In a disclosed embodiment, the shared memory is arranged as a 2m-way set-associative cache, wherein m is an integer, and wherein the respective information in each table entry in the shared tag table relates to a respective set of the block frames.
In some embodiments, the apparatus includes repeat controllers respectively coupled between the processor cores and the cache, wherein each repeat controller is configured to receive requests for cache transactions from a corresponding processor core and to repeatedly submit sub-transactions to the cache with respect to the cache transactions until the requests have been fulfilled. Typically, the repeat controllers are configured to receive the requests from the processor cores to perform multiple successive transactions and to pipeline the transactions. In a disclosed embodiment, the repeat controllers are configured to access both the shared memory and the shared tag table in parallel so as to retrieve both the data in a given block frame and a corresponding table entry concurrently, and then to pass the data to the processor cores depending upon a cache hit status indicated by the table entry. Alternatively or additionally, the repeat controllers are configured to receive direct notification of importation of block frames to the cache.

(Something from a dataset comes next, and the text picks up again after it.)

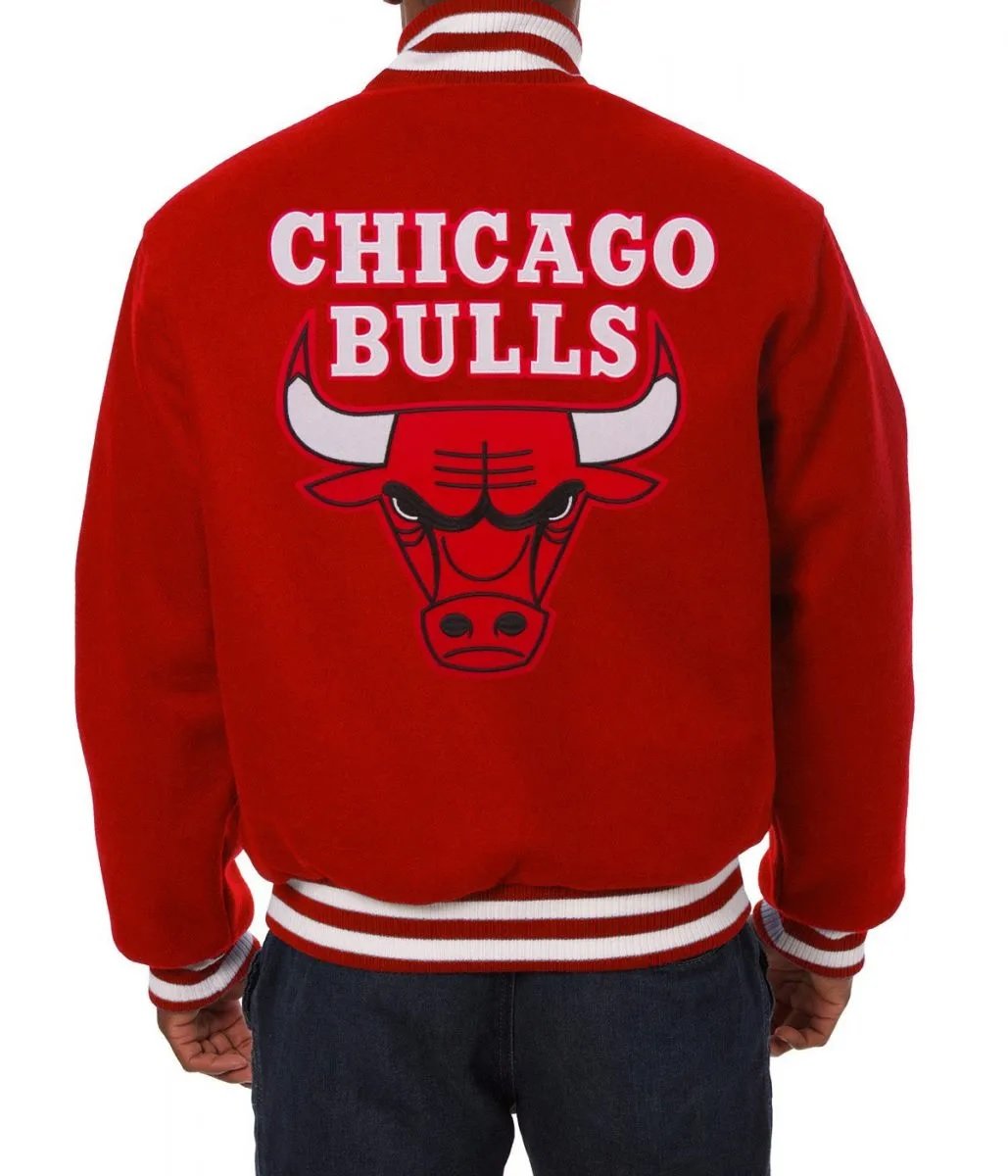 Varsity Chicago Bulls Embroidered Wool Red Jacket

In some embodiments, the cache includes an import/export controller, which is configured, in response to cache misses, to import and export the data between certain of the block frames in the shared memory and the L2 memory while the processor cores simultaneously continue to access the data in all others of the block frames in the shared memory. Typically, the information contained in the table entries of the tag table includes at least one bonded bit for indicating that the data in a corresponding block frame is undergoing an import/export process.

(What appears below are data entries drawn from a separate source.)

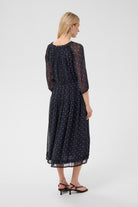 Part Two polka dot midi dress back view
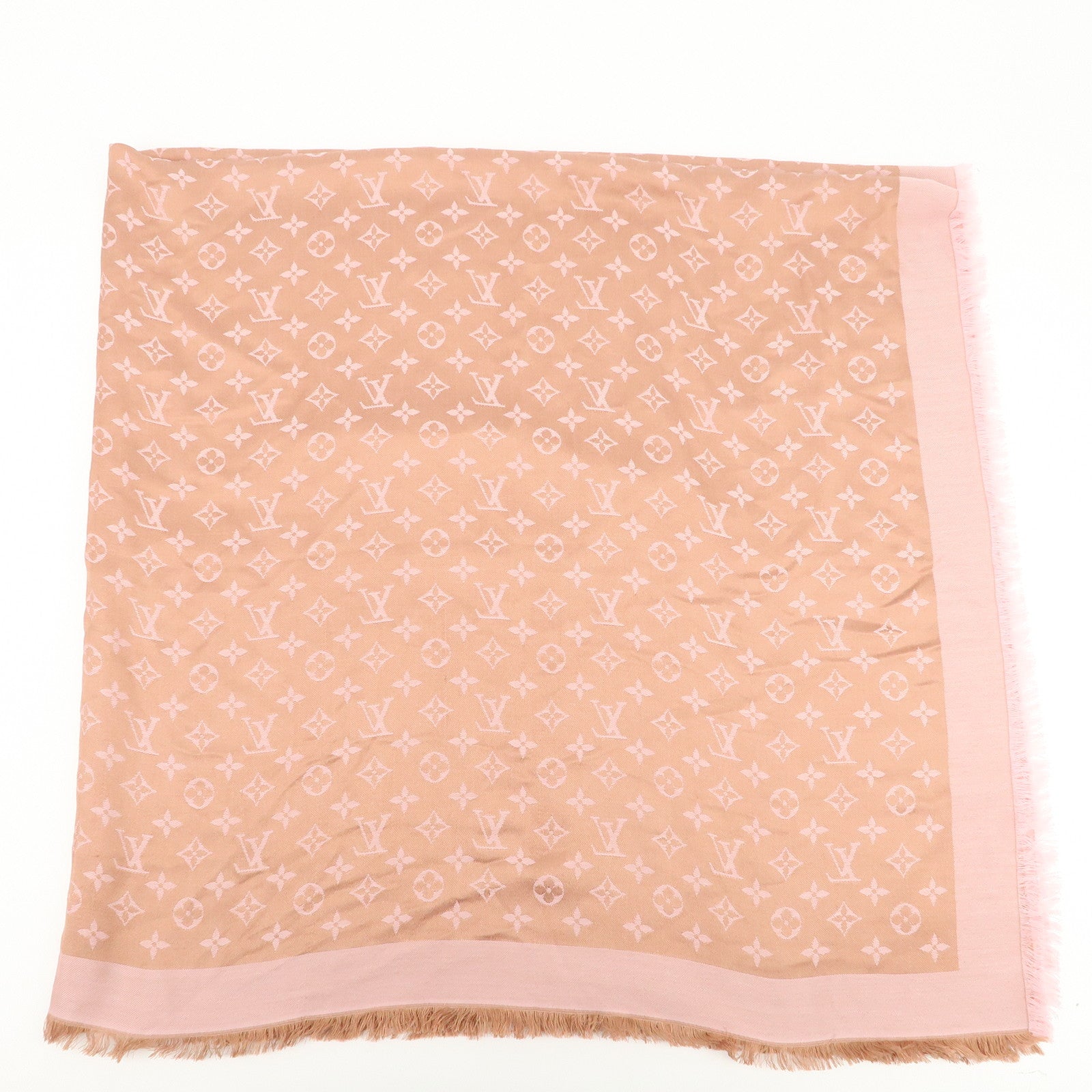 Louis Vuitton Shawl Monogram Neo Denim Silk 100% Wool Scarf M70642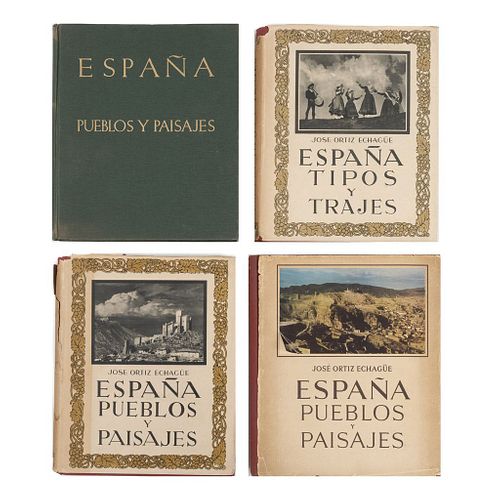 Ortíz Echagüe, José.  España. Tipos y Trajes / España. Pueblos y Paisajes. Madrid: Editorial Mayfe, 1950, 1952, 1963. Piezas: 4.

In a disclosed embodiment, the information contained in the table entries of the tag table includes a grace period field indicating a time interval during which a processor core can safely complete a transaction with respect to the data in a corresponding block frame.

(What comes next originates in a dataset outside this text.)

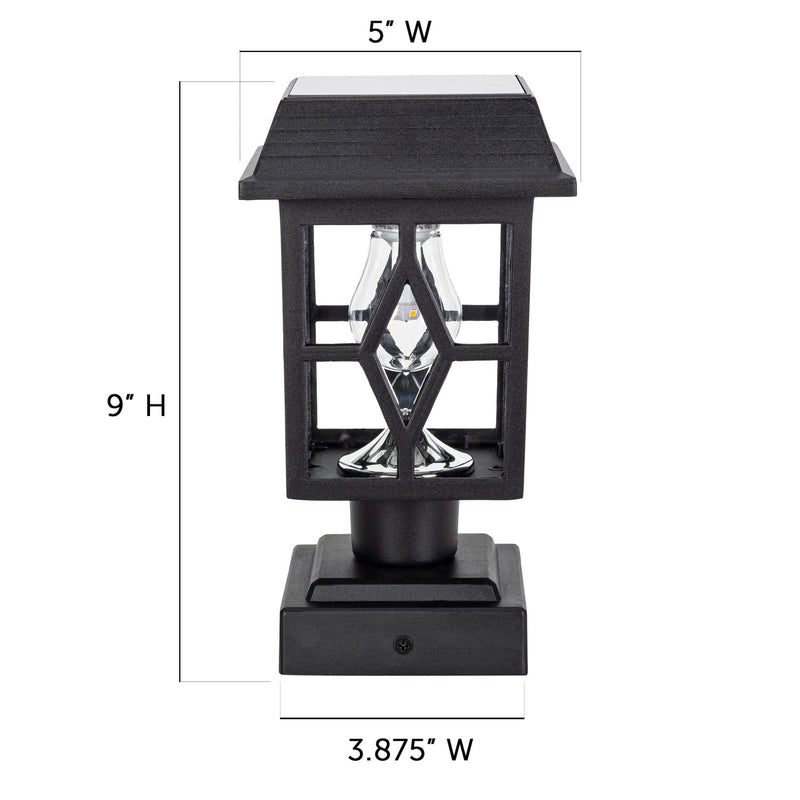 2PK Luna II Solar Post Cap/Pier Mount Light – Black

In some embodiments, the shared tag table includes multiple memory banks, each containing a respective subset of the table entries, and multiple tag controllers, each associated with and providing access to the table entries in a respective one of the memory banks. An interconnection network is coupled between the processor cores and the tag controllers so as to permit the processor cores to submit transactions simultaneously to different ones of the tag controllers. Typically, the tag controllers are configured to detect cache misses in the associated memory banks responsively to the submitted transactions and to initiate import and export of the data in corresponding block frames of the shared memory responsively to the cache misses. In a disclosed embodiment, the apparatus includes an import/export controller, which is coupled to receive and arbitrate among multiple import and export requests submitted simultaneously by the tag controllers, and to serve the requests by importing and exporting the data between the corresponding block frames in the shared memory and the L2 memory. The interconnection network may be configured to detect two or more simultaneous transactions from different processor cores contending for a common address in one of the memory banks, and to respond by multicasting the transaction to the different processor cores, wherein if at least one of the transactions is a write transaction, then the write transaction is chosen to propagate to a tag controller of the one of the memory banks.
There is also provided, in accordance with an embodiment of the present invention, a method for computing, including providing a cache to be shared by a plurality of processor cores so that the cache is accessible simultaneously to the plurality of the processor cores. Multiple block frames of data and imported into a shared memory in the cache from a level-two (L2) memory in response to requests by the processor cores. A shared tag table, which is separate from the shared memory, is maintained in the cache and includes table entries that correspond to the block frames and contain respective information regarding the data contained in the block frames.
For a better understanding of the invention with regard to the embodiments thereof, reference is now made to the accompanying drawings, in which like numerals designate corresponding elements or sections throughout.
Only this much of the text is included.